» Data below
++++++++++++++++++++

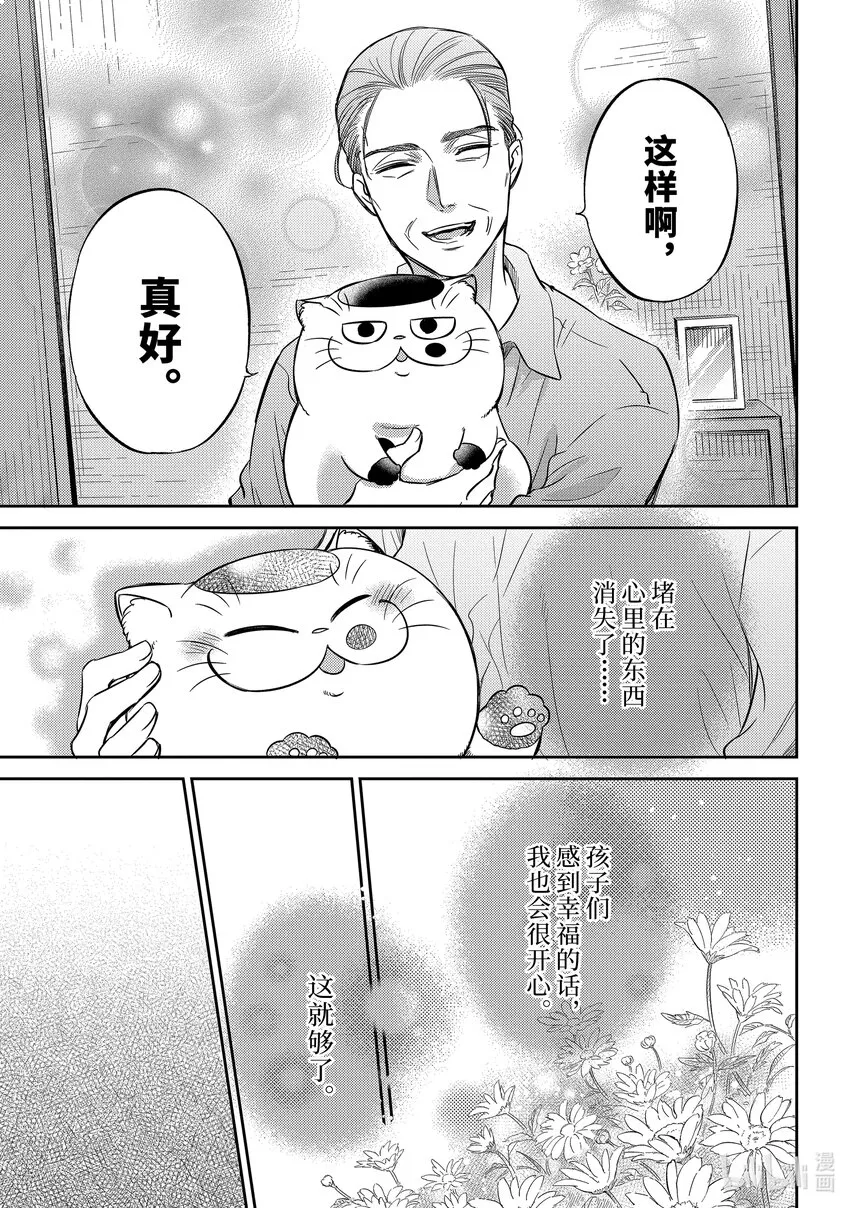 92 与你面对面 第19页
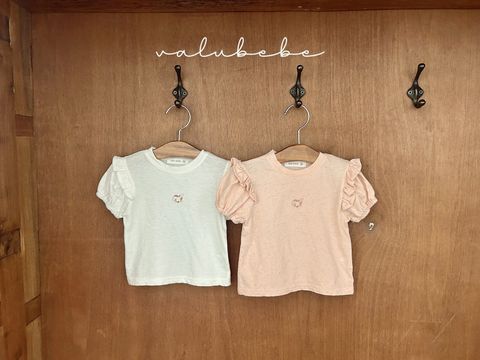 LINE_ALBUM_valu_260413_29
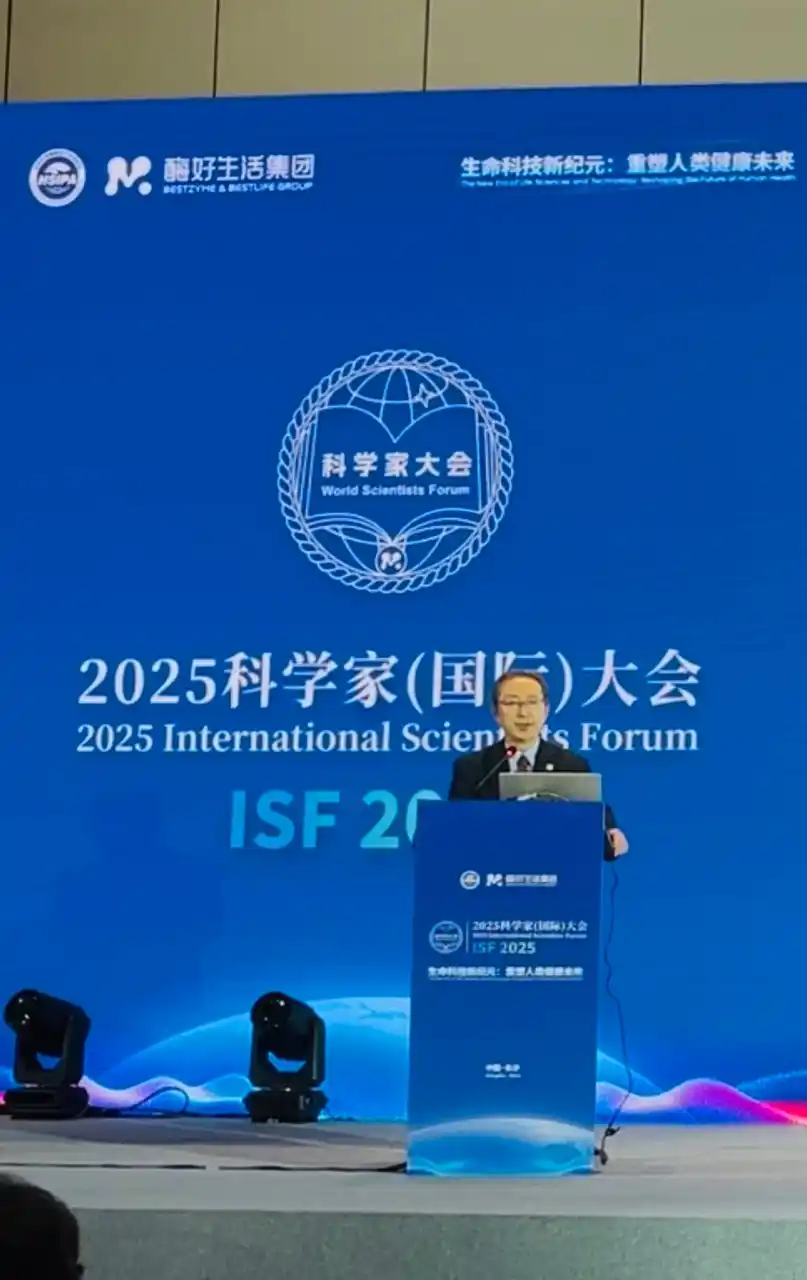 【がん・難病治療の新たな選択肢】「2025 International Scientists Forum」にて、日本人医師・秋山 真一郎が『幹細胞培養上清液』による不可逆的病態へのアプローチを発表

++++++++++++++++++++

» Activity
Return the material above verbatim. Pictures are to be excluded.

» Response box
 92 与你面对面 第19页
 LINE_ALBUM_valu_260413_29
 【がん・難病治療の新たな選択肢】「2025 International Scientists Forum」にて、日本人医師・秋山 真一郎が『幹細胞培養上清液』による不可逆的病態へのアプローチを発表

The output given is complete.